Required action
From the entries below, write out exactly the lines between the line holding "Puppenwagen" and the line holding "Policjanci świętują zdjęcie nr 265497", inclusive, excluding any pictures.
─── Input data
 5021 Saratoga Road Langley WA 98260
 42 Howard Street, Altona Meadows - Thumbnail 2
──────
─── Input data
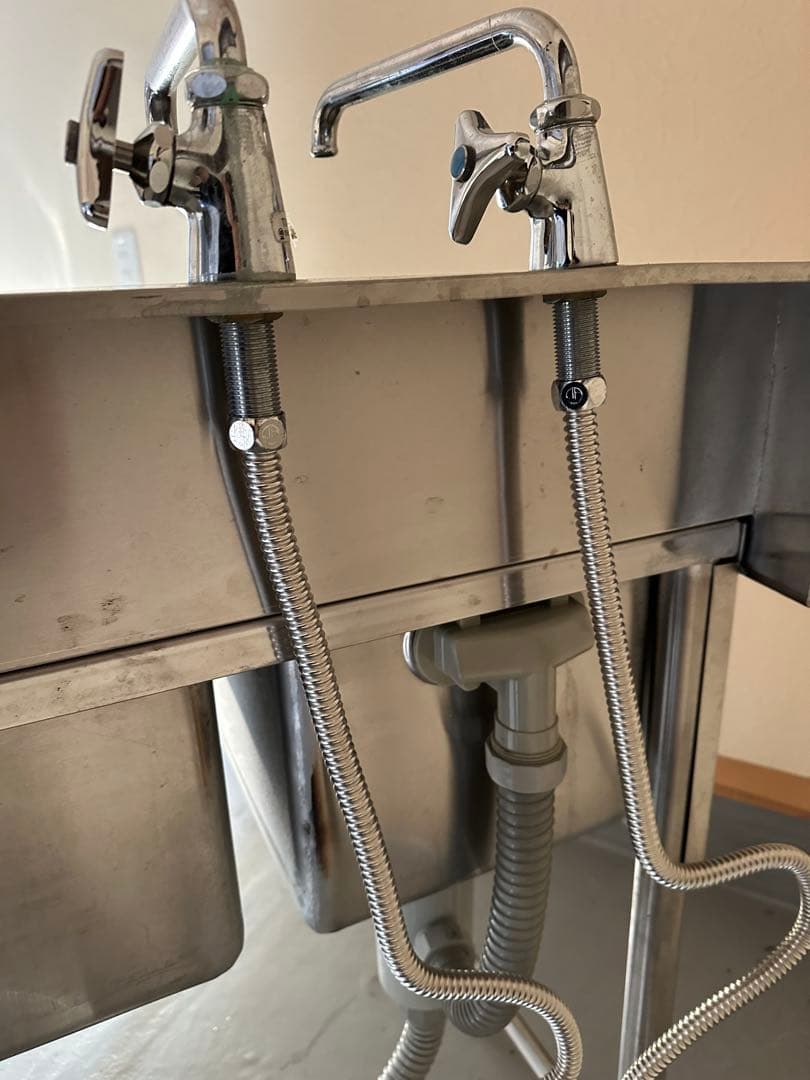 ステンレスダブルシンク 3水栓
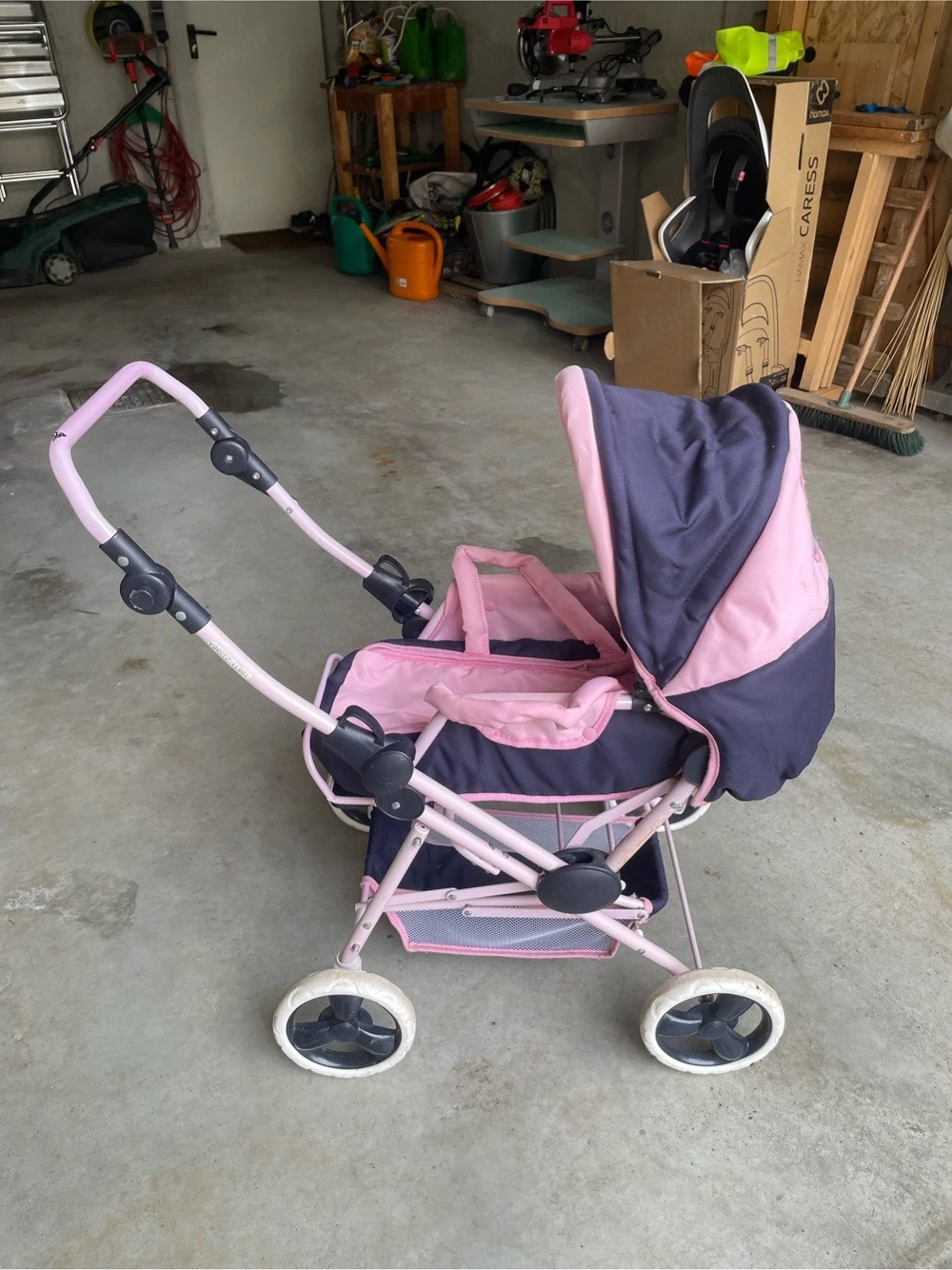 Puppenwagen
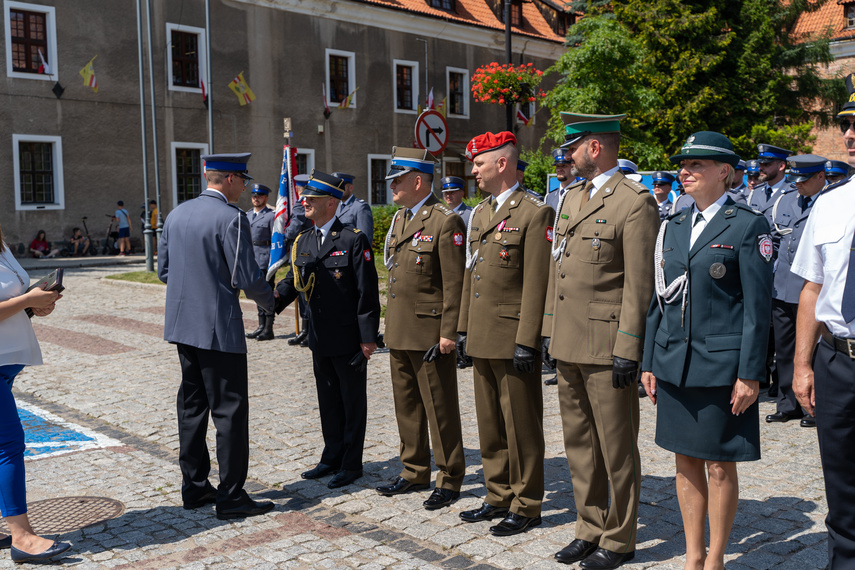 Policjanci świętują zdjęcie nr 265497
──────
Exercise result
 Puppenwagen
 Policjanci świętują zdjęcie nr 265497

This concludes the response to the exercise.